Mass. groups blast biomass use to meet state Clean Power Plan goals 

Source: Tiffany Stecker, E&E reporter • Posted: Friday, February 13, 2015

Six Massachusetts environmental group sent a letter to U.S. EPA Administrator Gina McCarthy yesterday, expressing concern that the agency may treat biomass power as carbon-neutral under the Clean Power Plan.

Assistant Administrator Janet McCabe, who leads EPA’s air office, released a memo in November that suggested that biomass energy — power from wood and other plant-based materials — would count toward states’ renewable energy goals as EPA seeks to regulate greenhouse gas emissions from the country’s electric sector (E&ENews PM, Nov. 19, 2014).
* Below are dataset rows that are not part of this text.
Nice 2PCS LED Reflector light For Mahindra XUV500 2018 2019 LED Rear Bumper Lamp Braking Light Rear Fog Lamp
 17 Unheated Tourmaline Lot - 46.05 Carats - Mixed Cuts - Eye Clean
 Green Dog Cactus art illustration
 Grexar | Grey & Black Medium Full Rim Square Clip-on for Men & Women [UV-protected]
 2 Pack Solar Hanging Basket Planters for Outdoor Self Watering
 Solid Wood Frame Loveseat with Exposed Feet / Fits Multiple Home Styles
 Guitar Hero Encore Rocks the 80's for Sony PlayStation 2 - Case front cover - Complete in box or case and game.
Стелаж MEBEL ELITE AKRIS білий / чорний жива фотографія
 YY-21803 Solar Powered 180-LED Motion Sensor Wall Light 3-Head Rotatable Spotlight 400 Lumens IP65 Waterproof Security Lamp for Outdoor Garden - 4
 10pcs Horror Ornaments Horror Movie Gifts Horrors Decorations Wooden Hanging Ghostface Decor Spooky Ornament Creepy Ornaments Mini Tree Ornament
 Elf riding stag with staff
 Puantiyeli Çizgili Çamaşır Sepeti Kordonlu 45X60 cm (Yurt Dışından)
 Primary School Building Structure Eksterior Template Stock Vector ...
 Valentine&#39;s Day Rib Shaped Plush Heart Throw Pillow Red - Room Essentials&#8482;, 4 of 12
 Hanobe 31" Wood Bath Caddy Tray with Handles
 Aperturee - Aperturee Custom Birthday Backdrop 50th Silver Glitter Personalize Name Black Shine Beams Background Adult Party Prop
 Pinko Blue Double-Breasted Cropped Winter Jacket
Biomass backers say the energy source is carbon-neutral because the trees that are grown to provide the energy source absorb carbon dioxide through photosynthesis, canceling out any emissions from the plant. Some environmental groups have criticized the assumption that biomass energy is low-carbon, saying the delay between emissions and carbon storage is too long to help slow climate change.

“This decision contradicts sound science and promotes burning forest wood for electric power production, which is exactly the wrong direction for our county’s renewable energy policy,” says the letter, signed by the heads of the Conservation Law Foundation, the Environmental League of Massachusetts, Environment Massachusetts, Mass Audubon, the Massachusetts Sierra Club and the Partnership for Policy Integrity.

In her memo, McCabe said the agency would condone “sustainably-derived” feedstocks, a term that was not specifically defined in the report released with the memo.

Massachusetts tightened its standards for biomass use in 2012 (ClimateWire, April 30, 2012).